### Exercise prompt
Each line of the listing, apart from the pictures, is to be printed exactly.

### Given material

- - - -

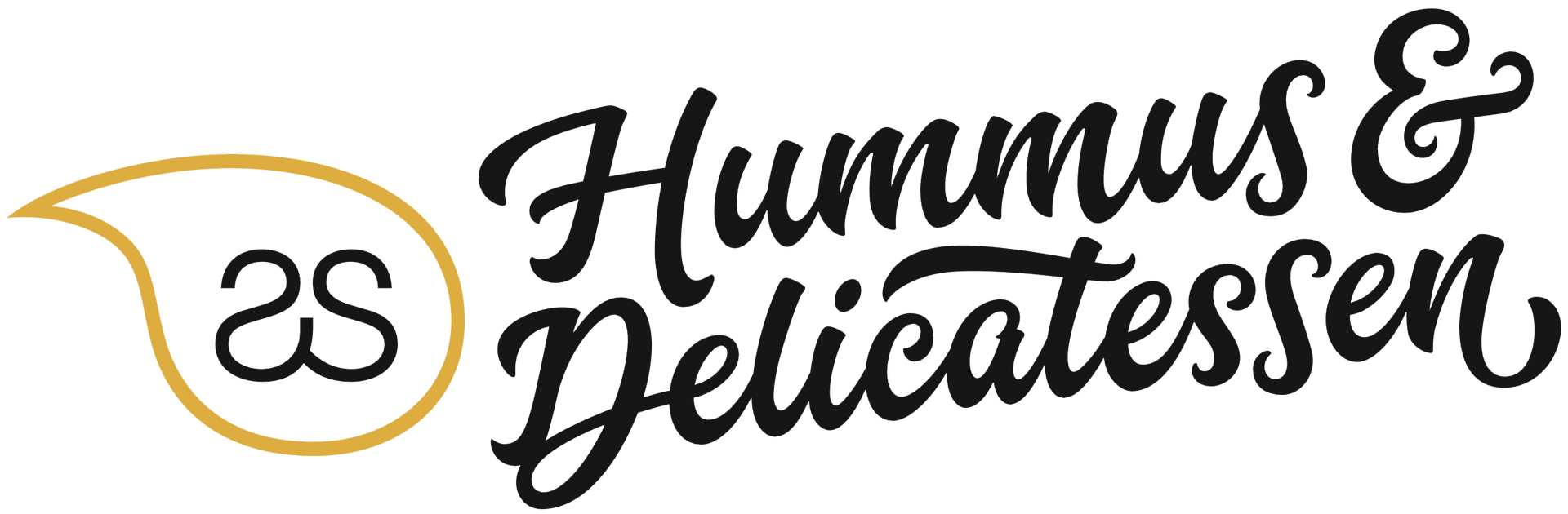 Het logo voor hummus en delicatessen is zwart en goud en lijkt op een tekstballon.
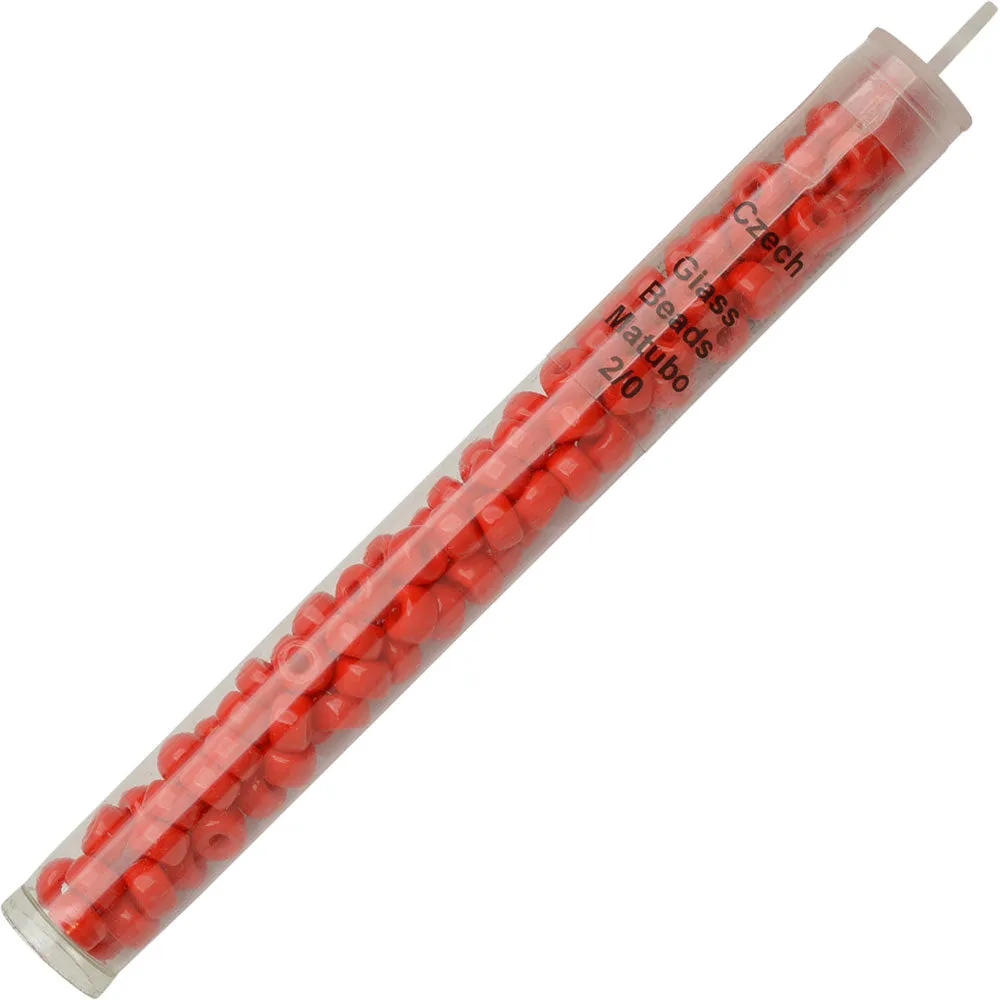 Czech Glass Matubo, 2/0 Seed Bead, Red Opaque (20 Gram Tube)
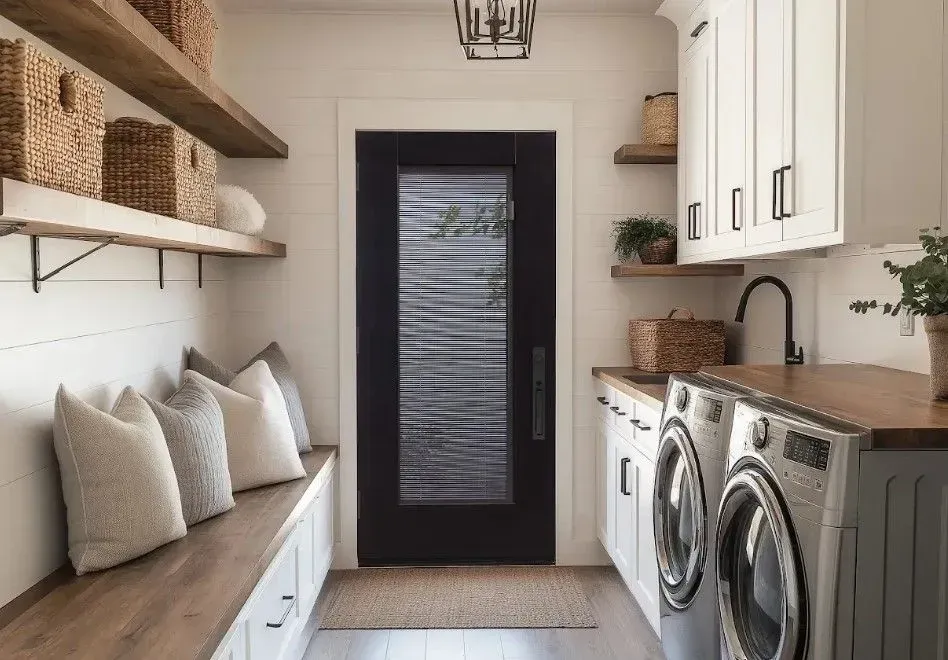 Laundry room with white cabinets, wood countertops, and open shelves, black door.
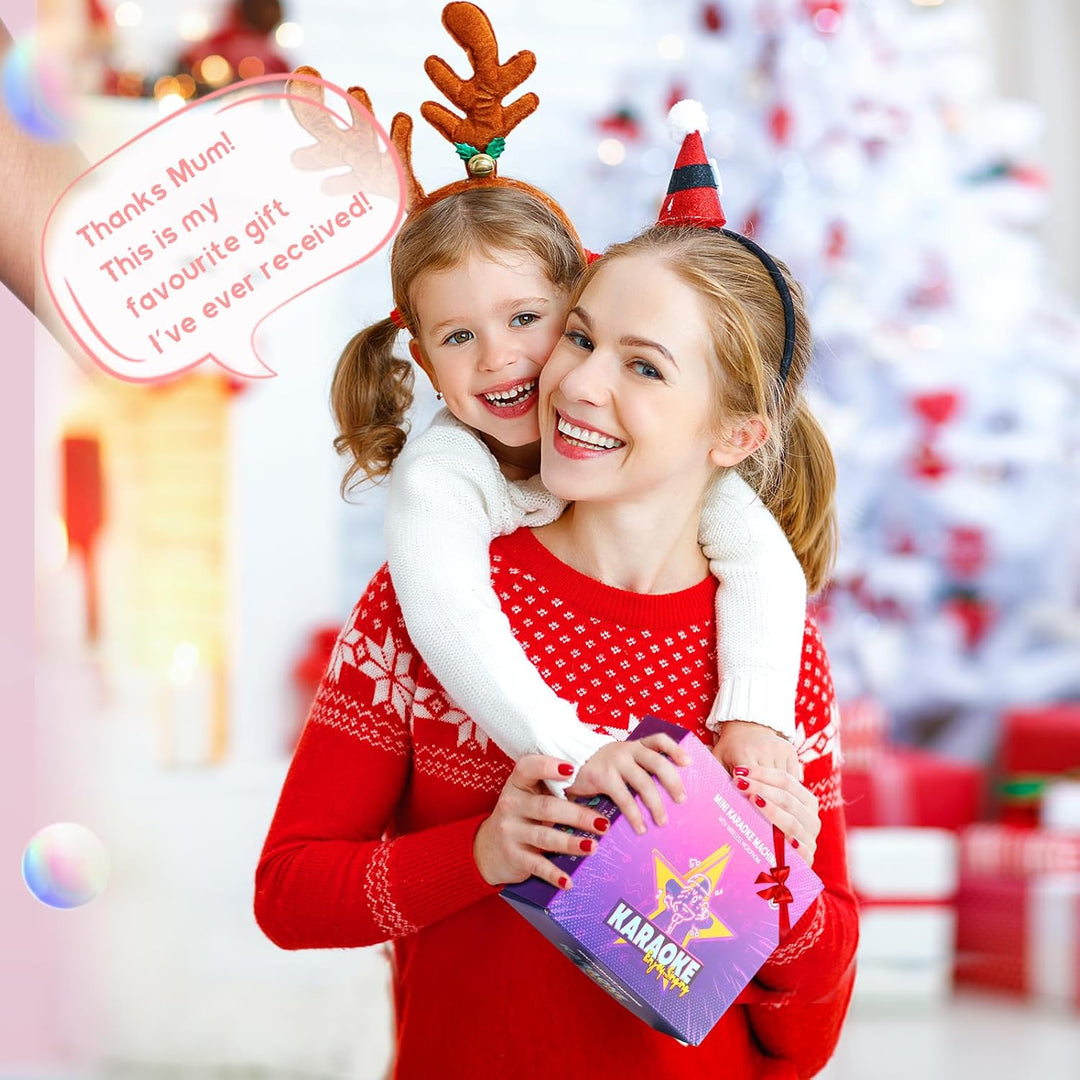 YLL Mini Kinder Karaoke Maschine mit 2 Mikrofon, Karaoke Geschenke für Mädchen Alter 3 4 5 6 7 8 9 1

- - - -

### Output
 Het logo voor hummus en delicatessen is zwart en goud en lijkt op een tekstballon.
 Czech Glass Matubo, 2/0 Seed Bead, Red Opaque (20 Gram Tube)
 Laundry room with white cabinets, wood countertops, and open shelves, black door.
 YLL Mini Kinder Karaoke Maschine mit 2 Mikrofon, Karaoke Geschenke für Mädchen Alter 3 4 5 6 7 8 9 1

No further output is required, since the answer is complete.